Di seguito, alcune delle principali chiusure scolastiche per Carnevale 2026:
– Lombardia (rito romano): scuole chiuse lunedì 16 e martedì 17 febbraio;
– Lombardia (rito ambrosiano, come a Milano): venerdì 20 e sabato 21 febbraio;
– Provincia di Bolzano: sospensione dal 14 al 22 febbraio;
– Trentino-Alto Adige (esclusa Bolzano): dal 16 al 18 febbraio;
– Piemonte: dal 14 al 17 febbraio;
– Friuli Venezia Giulia, Veneto, Valle d’Aosta: dal 16 al 18 febbraio;
– Campania, Liguria, Molise: 16 e 17 febbraio;
– Sardegna: solo il 17 febbraio.

Il calendario delle chiusure delle scuole a febbraio – lascuolafanotizia.it
Ricordiamo che, grazie all’autonomia scolastica, le singole istituzioni possono modificare leggermente queste date per meglio adattarsi alle esigenze locali, pur rispettando il minimo obbligatorio di 200 giorni di lezione previsto dalla normativa.
Dopo le vacanze di Carnevale, la maggior parte delle scuole riprenderà le lezioni mercoledì 18 febbraio 2026, con alcune eccezioni come la Provincia autonoma di Bolzano, dove il rientro è posticipato a lunedì 23 febbraio. In Veneto, Friuli Venezia Giulia, Valle d’Aosta e Trentino, invece, la ripresa è prevista per giovedì 19 febbraio.
La situazione di Bolzano è particolarmente rilevante non solo per l’estensione della pausa, ma anche perché la città è un importante centro culturale e commerciale situato in una posizione strategica tra le Dolomiti e le vie di comunicazione tra Adriatico, Baviera e Grigioni. La città è rinomata per la sua ricca storia, i numerosi castelli e residenze nobiliari, e per la vivace offerta culturale e sportiva, che durante la “Settimana dello Sport” vede un coinvolgimento particolare delle scuole e della comunità.

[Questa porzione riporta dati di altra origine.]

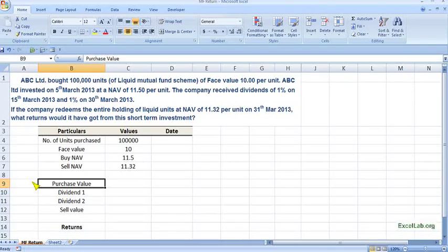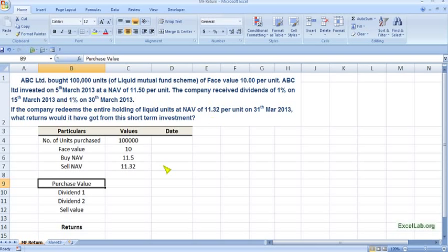Welcome to xllab.org. We will see how to calculate mutual fund returns. A company ABC bought 100,000 units of a liquid mutual fund scheme. The face value is 10 per unit, bought on 5th March, and the NAV at that time was 11.5 per unit. The company received two dividends: the first is 1% on face value on 15th March, and the second is 1% on face value on 30th March. Now, if the company liquidates the entire holding at a NAV of 11.32, what is the return from this short-term investment?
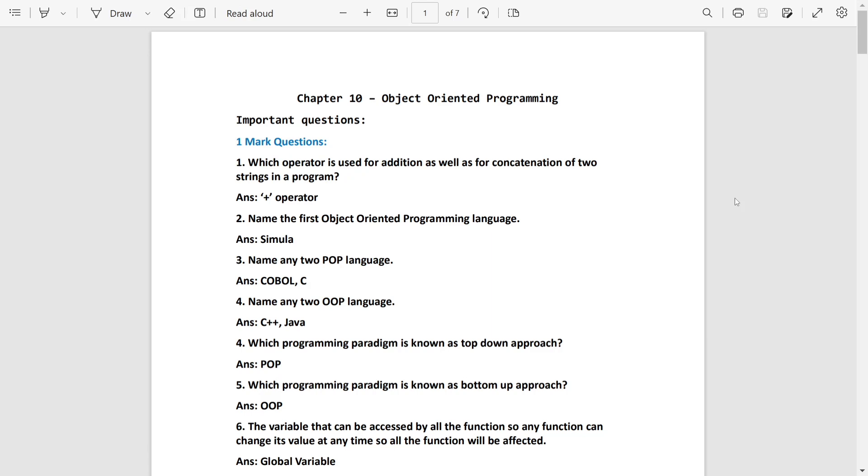It is plus operator. Plus operator, I am using add to the string and add to the string. It will be known as concatenation.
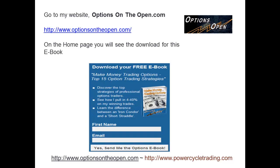But before I get started, if you've not received my eBook, this is a free download. Just go to optionsontheopen.com, download your free eBook, put your name and your email address, click it, and you're going to get these 15 option trading strategies right then and there.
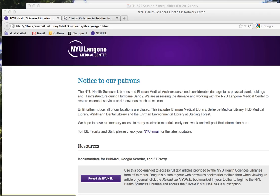This is a demonstration on how to use the NYU Health Sciences Library's bookmarklet. The first step is to install the bookmarklet in your internet browser's toolbar.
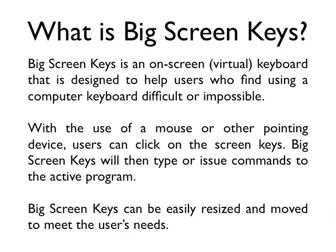Well, Big Screen Keys is an on-screen virtual keyboard that is designed to help users who find using a computer keyboard difficult or impossible. With the use of a mouse or other pointing device,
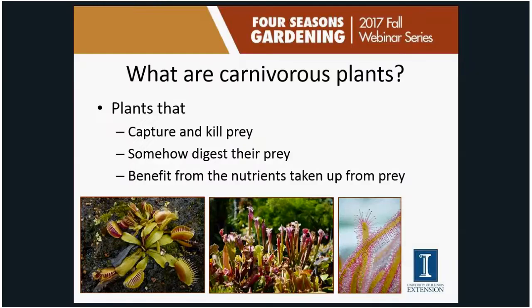First off, what are carnivorous plants? There are a couple different things a plant has to be able to do in order to be considered carnivorous. First, they have to capture and kill their prey, whether insects, small animals, or similar. Once they capture that food, they have to have some way to digest that prey, and then they also have to benefit from those nutrients taken up from the prey.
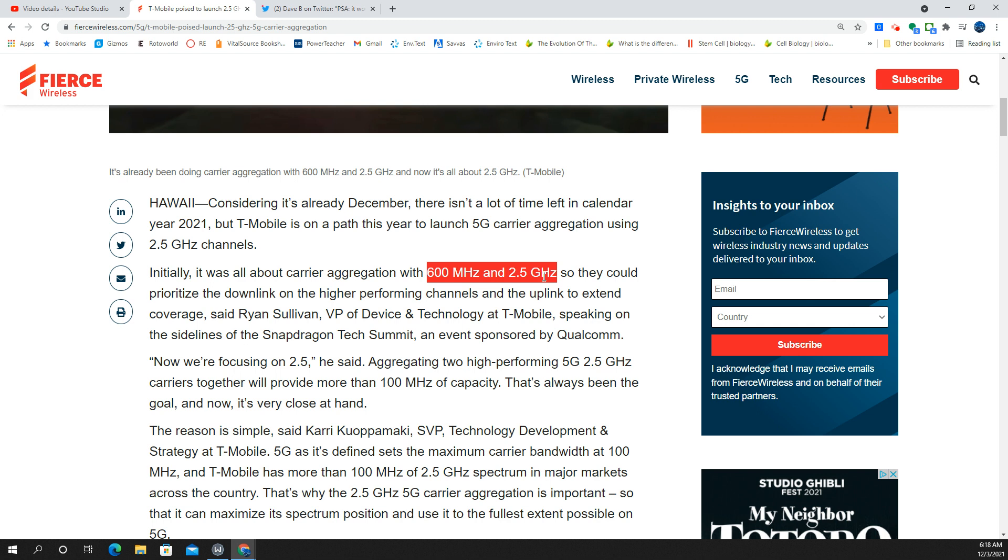So the two 2.5 gigahertz channels together would create great capacity and help in a lot of situations where we've seen N41 slow down. In my market, that's not a slow channel. The N41 is pretty fast. Combining with the 600 megahertz, the N71 extended range 5G gives it more range.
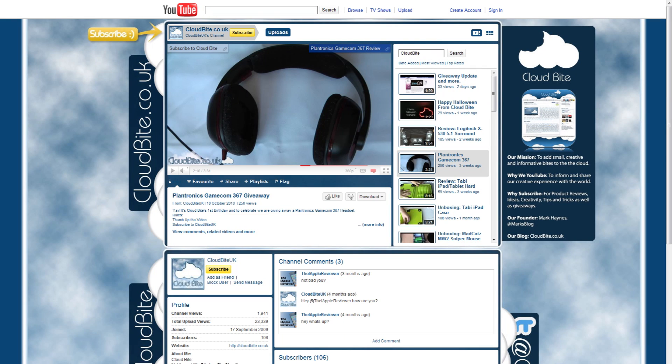Hi everyone, it's Mark here from cloudbyte.co.uk and today is the day I announce the winner of the Plantronics Gamecom 367 headset.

Il significato culturale e storico del Carnevale in Italia
Il Carnevale è una festa con radici millenarie, che affonda le sue origini nelle celebrazioni pagane come i Saturnali romani e le Dionisie greche, momenti in cui le norme sociali venivano temporaneamente sovvertite. In Italia, questa tradizione è stata arricchita da elementi religiosi e culturali e si esprime oggi attraverso sfilate di maschere, carri allegorici, veglioni e dolci tipici come frittelle e chiacchiere.
Le date ufficiali del Carnevale 2026 da ricordare sono il 12 febbraio (Giovedì Grasso), il 15 febbraio (Domenica di Carnevale), il 17 febbraio (Martedì Grasso) e il 18 febbraio (Mercoledì delle Ceneri), data che segna l’inizio della Quaresima. La festività, pur non essendo riconosciuta come giorno festivo nazionale, è ampiamente celebrata e tradizionalmente segna una pausa nelle attività scolastiche.
A Bolzano, la lunga pausa scolastica permetterà inoltre di vivere appieno le iniziative legate alla “Settimana dello Sport”, un momento importante per valorizzare l’attività fisica e il benessere tra i giovani. Gli studenti e le famiglie sono invitati a consultare le comunicazioni ufficiali delle rispettive scuole per eventuali variazioni nel calendario, tenendo sempre presente che il ritorno in aula è previsto dopo il 18 febbraio nella maggior parte delle regioni, salvo specifiche eccezioni.